Even worse, what should I come across?
All I can keep hearing every time I remotely think about buying something processed, something packaged in plastic, something shipped from Ohio or even worse CHINA is clichés.
“If you aren’t part of the solution, you’re part of the problem.”
“Nothing in life is free. Someone pays the price for it eventually.”
“Companies don’t send you coupons because they care to save you money. They send you coupons hoping to get you hooked, so you continue to buy when it’s NOT free!”
I remember when I started couponing. It was February 2011. Here we are, March 2013 & it’s like my brain has been completely programmed to the normal American attitude. We want it cheap & we want validation for who we are as a person based on what we have & how much we paid for it… whether that’s the end of the spectrum of multi-million dollar mansions or a $1.29 2liter of soda pop.

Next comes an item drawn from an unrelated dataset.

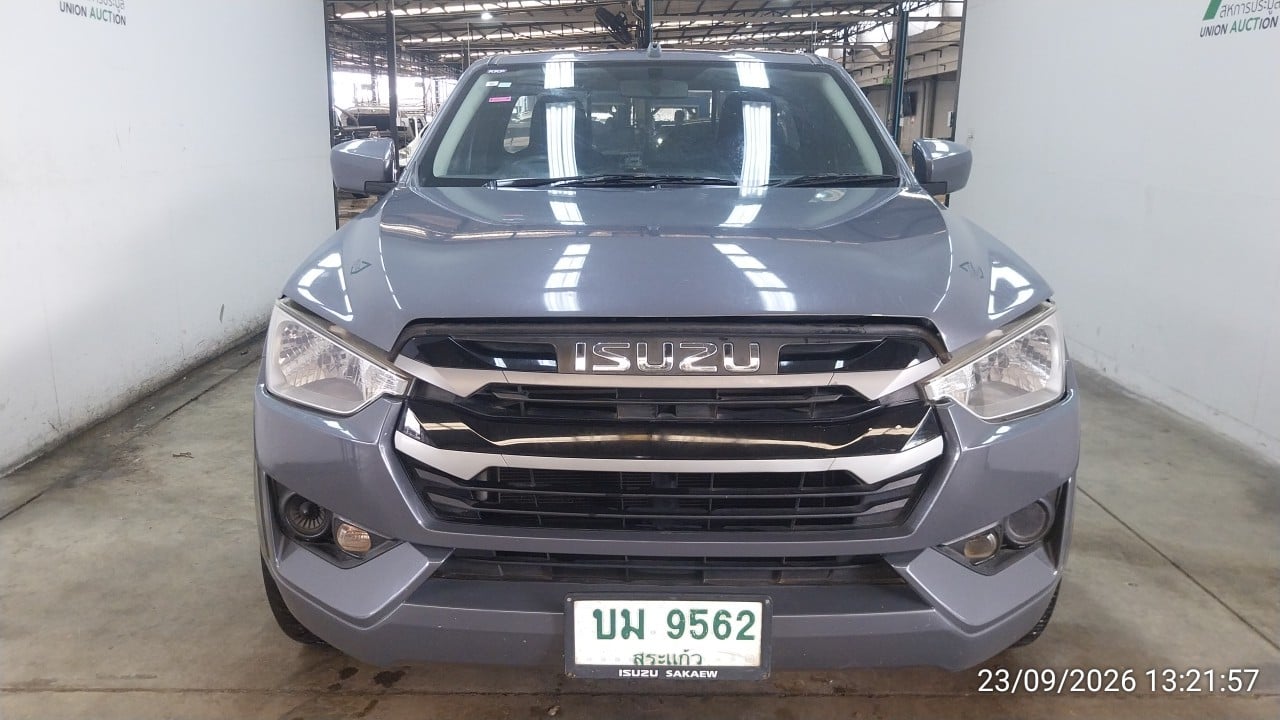 ISUZ ISUZ073 SPARK 3.0 S MT 2022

Now for the next two years, I’ll be UNprogramming my brain away from that mindset that cheap is good, expensive is bad (not that expensive is particularly good either since it goes hand-in-hand with the “keeping up with the Joneses” consumer culture too). Back to the basics of “you get what you pay for”… But what can I say? Digging our way out of debt & saving for our farm….have got me singing “Worst Pies in London”
And when times is hard… Sometimes… you got to eat the free cereal.